TASK TO CARRY OUT: The task calls for an exact retyping of the lines from the one holding "Well, about his" through the end of the listing, with pictures omitted and nothing added.

DATA SEGMENT:
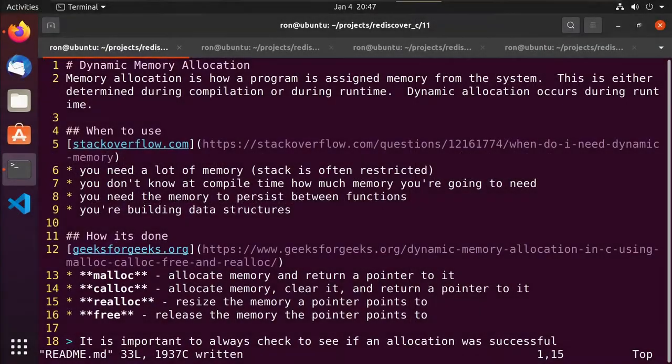Hey guys, this is Ron. This is video 11 of our series on rediscovering the C programming language. In this video, we're going to talk about dynamic memory allocation.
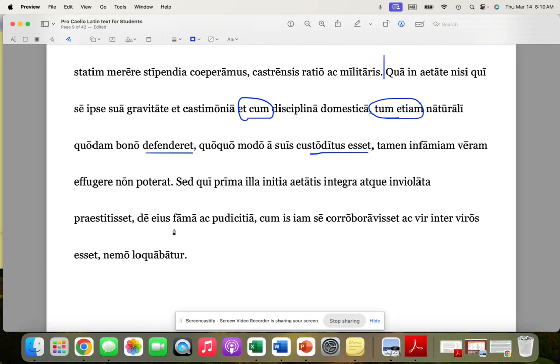Well, about his fama and his pudicitia, about his reputation and his sense of morality, no one talked. So no one talked about his reputation, his sense of morality.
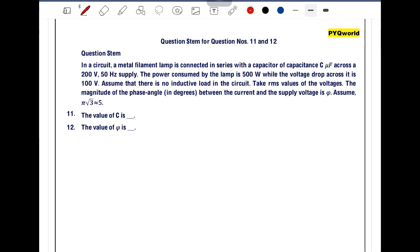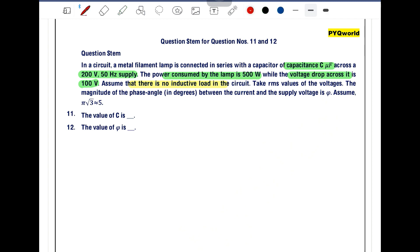In a circuit, a metal filament lamp is connected in series with a capacitor of capacitance C microfarad across a 200 volt, 50 hertz supply. The power consumed by the lamp is 500 watt while the voltage drop across it is 100 volt. Assume there is no inductive load in the circuit. Take RMS values of the voltages. The magnitude of the phase angle between the current and the supply voltage is φ. Assume π√3 is equal to 5.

THE ANSWER:
Well, about his fama and his pudicitia, about his reputation and his sense of morality, no one talked. So no one talked about his reputation, his sense of morality.
In a circuit, a metal filament lamp is connected in series with a capacitor of capacitance C microfarad across a 200 volt, 50 hertz supply. The power consumed by the lamp is 500 watt while the voltage drop across it is 100 volt. Assume there is no inductive load in the circuit. Take RMS values of the voltages. The magnitude of the phase angle between the current and the supply voltage is φ. Assume π√3 is equal to 5.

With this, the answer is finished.